La culture est une cueillette

– Juin 2021

Une circonstance malicieuse est à l’œuvre. Rappelez-vous le cours des événements. En mars de l’an dernier survenait la suspension abrupte des activités culturelles en Suisse romande, de quoi consterner le public et ses observateurs médiatiques : la mère des catastrophes était advenue. Elle allait priver chacun de ses nutriments immatériels et du côtoiement social incomparable, à mi-distance de l’ordre intellectuel et de la mondanité, que leur avaient valus jusqu’alors les spectacles vivants, les expositions muséales et les concerts en tous genres.

Or voici que surgissent quinze ou seize mois plus tard, face au retour de ce que nous avions fini par définir comme la norme, des cogitations précisément renversées. J’en résume la ligne : que choisir aujourd’hui dans le mémento ressuscité des lieux de théâtre et de cinéma, des galeries d’art et des musées patrimoniaux, des salles de musique et des tréteaux à performances ? Comment n’y rien rater mais tout applaudir en bredouillant sa gratitude aux comédiens, aux acteurs, aux peintres, aux graveurs, bref au monde dans sa gloire inventive et sa générosité si belle ?

Je médite sur ces questionnements. Ils me paraissent d’autant plus vifs que personne ne semble avoir fondamentalement péri depuis la suspension coronavirale évoquée tout à l’heure. Ni dans le microcosme culturel et d’autant moins, sans doute, au sein des foules d’ailleurs puissamment netflixées dans l’intervalle. Et même si de vives souffrances ont traversé le paysage et si certains de ses protagonistes sont restés sur le carreau, ou le resteront à moyen terme — exactement comme c’est ou sera le cas dans d’autres champs professionnels moins sacralisés s’étageant du petit commerce à la grande restauration.

À partir de là, tout un faisceau de raisonnements est concevable. Par exemple, on peut songer que tout amaigrissement de l’offre culturelle n’est pas forcément malvenu. Voyons d’abord ceux qui produisent cette offre et font nécessairement l’objet, sous l’empire d’une adversité sévère, d’une sélection sanctionnée par un résultat clair : ses survivants sont ceux qu’anime une flamme durable et sacrée.

Et voyons ensuite ceux qui consomment cette même offre. S’effondre-t-elle tout à coup ? Mais quelle chance ! Pouvoir enfin dresser le bilan comparatif de ses besoins réels et de ses addictions devenues machinales en la matière ! Et se questionner sur un mode renouvelé : par quoi suis-je vraiment intéressé sur les marchés environnants de la création ? qu’y prélevé-je ? ou me consolent-ils ? ou me distraient-ils ? mais de quoi ? Ainsi de suite.

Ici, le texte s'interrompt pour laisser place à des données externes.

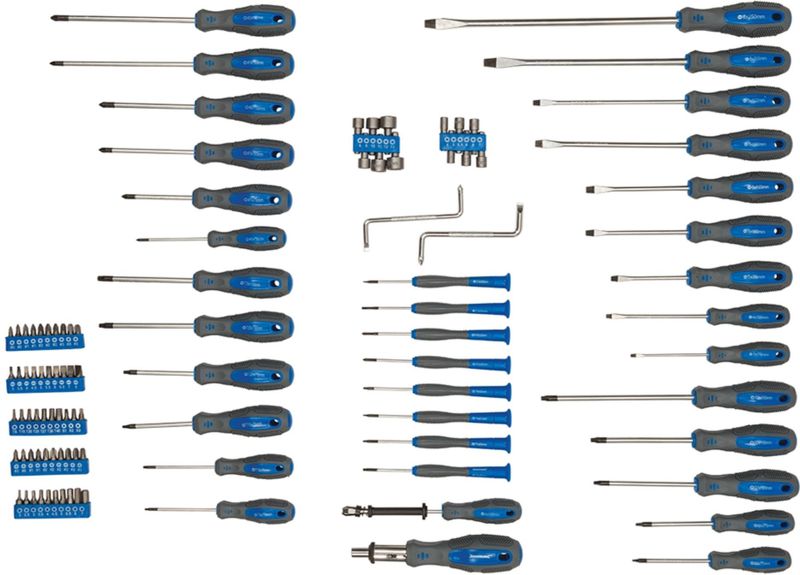 Silverline - Schroevendraaier Set - 100 Delig - Chroom-Vanadium - Soft-Grip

On pourrait aussi plaider, in fine, pour une manière que j’estime admirable d’arpenter les scènes de l’art et de la culture : celle placée sous le signe de la cueillette et non du programme. Sur ce point je pense à François Roustang, mort en 2016, qui fut prêtre, philosophe, psychanalyste et finalement hypnothérapeute, en visant pour lui-même autant qu’autrui ce seul objectif cardinal : nous ajuster au fait d’être au monde. Nous laisser appartenir au vivant en préférant, je le cite, nous couler dans « le flot de la vie » au lieu de « vouloir maîtriser notre trajectoire ». Ne plus « nous regarder vivre », mais vivre.

D’où ceci : faut-il vivre la culture ou nous regarder la vivre ? Nous demander quel spectacle ou quelle exposition choisir dans le maelström renaissant de la culture en Suisse romande, ou juste y cueillir ce que le hasard et le bon vent nous en proposent ? La seconde hypothèse m’enchante quand la première me pèse. Ah, balayer les mémentos d’un œil flottant et savourer les choses par fragments, selon l’humeur !

Ce qui me rappelle une interview de Godard interrogé voici quelques années, par un chroniqueur de Libération, sur le thème d’un film diffusé quelques jours plus tôt. Deux ou trois pages de belle conversation croisée. Et tout à la fin de l’entretien, après que le journaliste eut questionné le cinéaste sur la conclusion du long métrage, cette réplique admirable : « Pardonnez-moi, je ne l’ai pas vue : je dormais depuis un bon moment déjà. » Sourire infiniment complice et respect magistral.